Work instruction >>
Because the images are not wanted, restate every line below word for word without them.

Data >>

▬▬▬

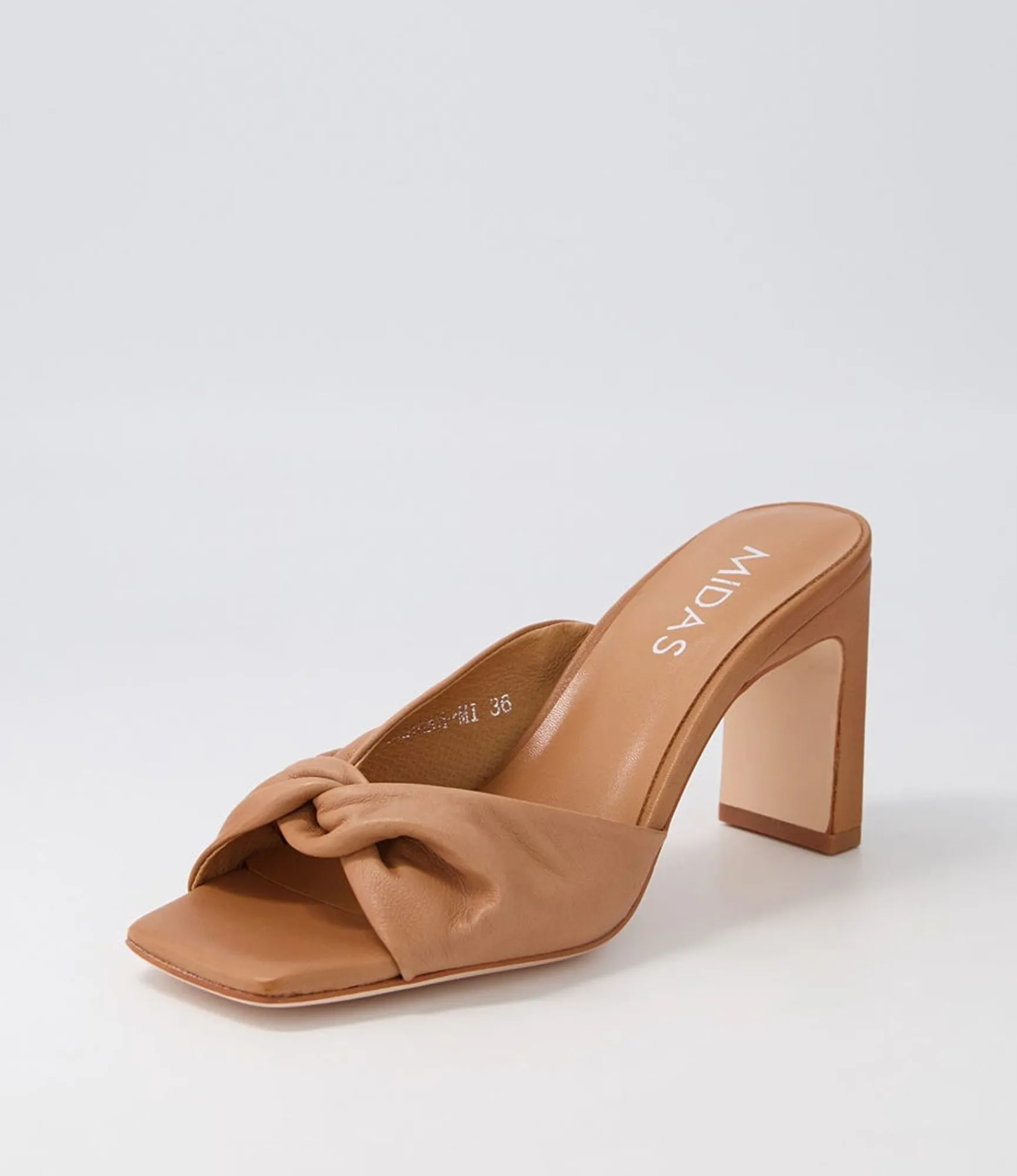 Discount Midas Shoes Franka Dark Tan Leather Slides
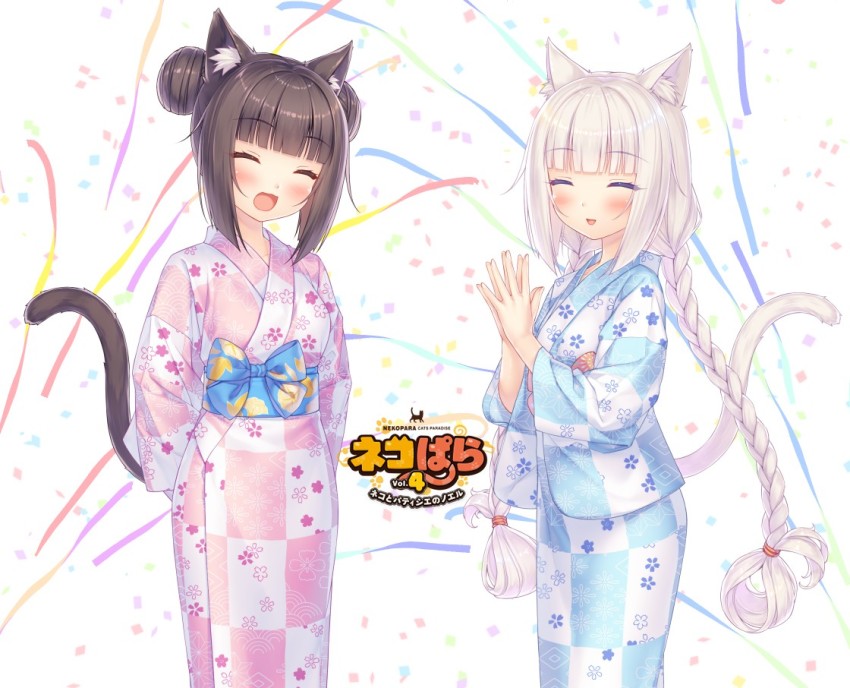 2girls, :d, ^_^, alternate_hairstyle, animal_ear_fluff, animal_ears, arms_behind_back, blue_yukata, blunt_bangs, blush, braid, brown_hair, cat_ears, cat_girl, cat_tail, checkered_clothes, checkered_kimono, chinese_commentary, chocola_(nekopara), closed_eyes, commentary, confetti, double_bun, english_commentary, facing_viewer, floral_print, hair_bun, hair_up, happy, japanese_clothes, kimono, logo, long_hair, mixed-language_commentary, multiple_girls, nekopara, obi, official_art, open_mouth, own_hands_together, pink_yukata, print_kimono, sash, sayori_(neko_works), siblings, simple_background, sisters, smile, tail, twin_braids, twins, vanilla_(nekopara), very_long_hair, white_hair, yukata
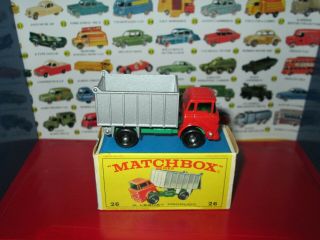Matchbox Lesney 26 Gmc Tipper Truck Shiny Paint Vnm W/original Box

▬▬▬

Response box >>
 Discount Midas Shoes Franka Dark Tan Leather Slides
 2girls, :d, ^_^, alternate_hairstyle, animal_ear_fluff, animal_ears, arms_behind_back, blue_yukata, blunt_bangs, blush, braid, brown_hair, cat_ears, cat_girl, cat_tail, checkered_clothes, checkered_kimono, chinese_commentary, chocola_(nekopara), closed_eyes, commentary, confetti, double_bun, english_commentary, facing_viewer, floral_print, hair_bun, hair_up, happy, japanese_clothes, kimono, logo, long_hair, mixed-language_commentary, multiple_girls, nekopara, obi, official_art, open_mouth, own_hands_together, pink_yukata, print_kimono, sash, sayori_(neko_works), siblings, simple_background, sisters, smile, tail, twin_braids, twins, vanilla_(nekopara), very_long_hair, white_hair, yukata
Matchbox Lesney 26 Gmc Tipper Truck Shiny Paint Vnm W/original Box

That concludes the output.